Exercise prompt
Leaving out all pictures, restate word for word the lines from the one with "A couple taking" through the last line of the entries.

[Short web captions]
↓
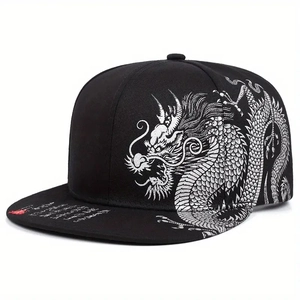 Black snapback baseball cap featuring intricate silver dragon embroidery on the side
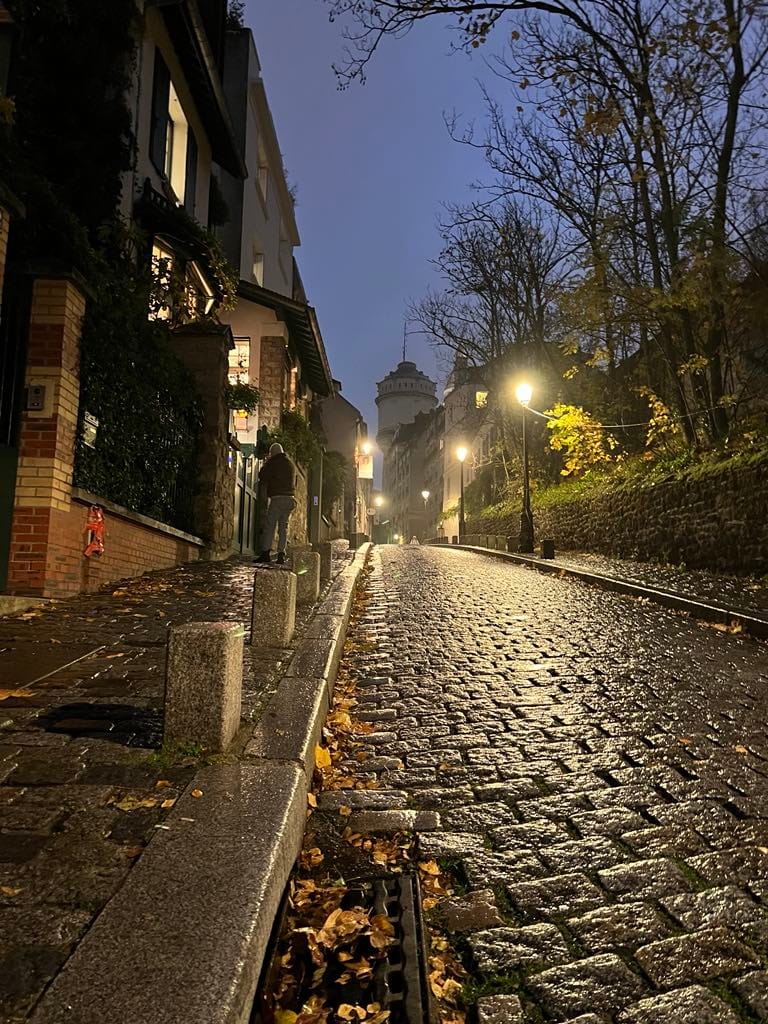 A picture of Montmartre at night showing the cobblestone street incline.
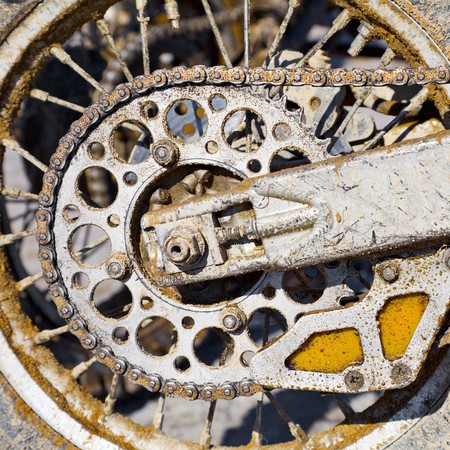 The rear wheel of a motorcycle with a chain, covered with dirtの写真素材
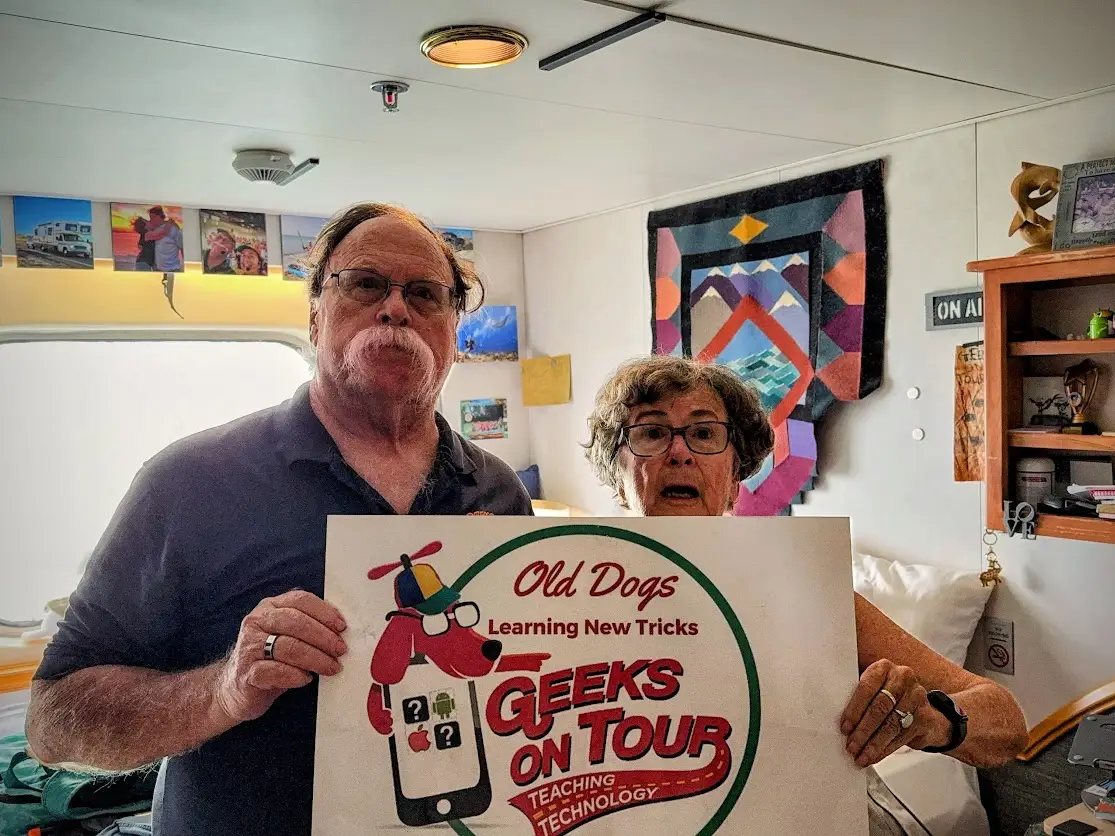 A couple taking a photo with a sign in their cabin in Villa Vie Odyssey.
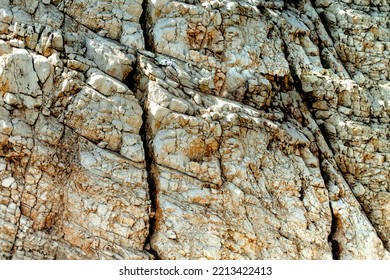 Grungy cragged bumpy pitted cavity stone facade, split layer gap.Ruined cracked shattered worn rough hiking canyon.Old ragged grunge steep marble cliff. Grand vintage crannied damaged impressive gorge - Powered by Shutterstock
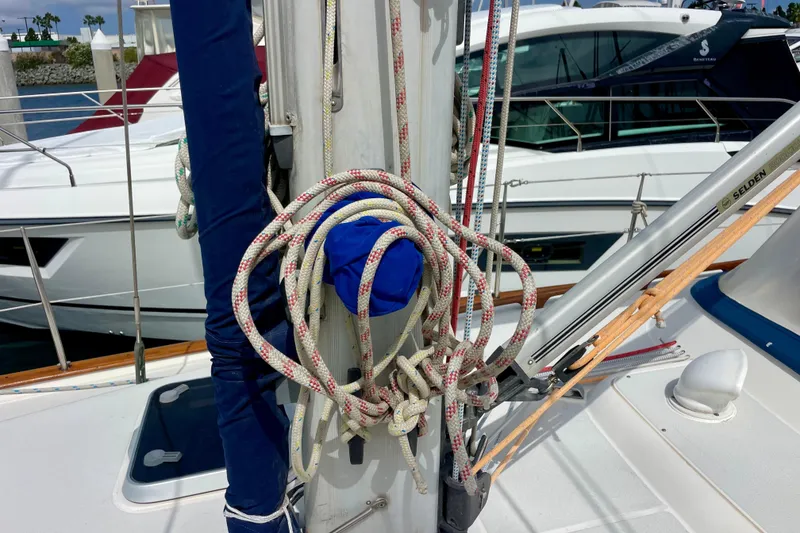 Slide: The Image of Sailboat deck with ropes and mast, Moody 42 CC, 2000 model, docked at marina. - 67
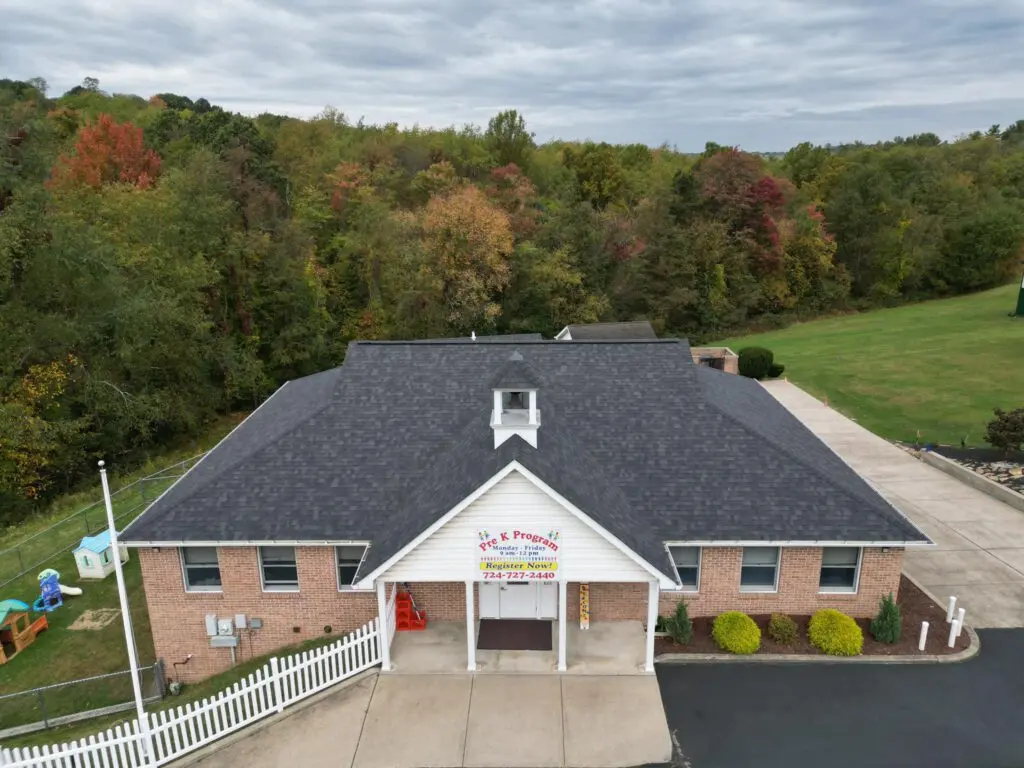A single-story brick building with a dark gray roof, surrounded by a large lawn and leafy autumn trees. A playground set is visible to the left. There's a long driveway, and a sign displayed on the building's front. The sky is overcast.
↑
Response to the exercise
 A couple taking a photo with a sign in their cabin in Villa Vie Odyssey.
 Grungy cragged bumpy pitted cavity stone facade, split layer gap.Ruined cracked shattered worn rough hiking canyon.Old ragged grunge steep marble cliff. Grand vintage crannied damaged impressive gorge - Powered by Shutterstock
 Slide: The Image of Sailboat deck with ropes and mast, Moody 42 CC, 2000 model, docked at marina. - 67
A single-story brick building with a dark gray roof, surrounded by a large lawn and leafy autumn trees. A playground set is visible to the left. There's a long driveway, and a sign displayed on the building's front. The sky is overcast.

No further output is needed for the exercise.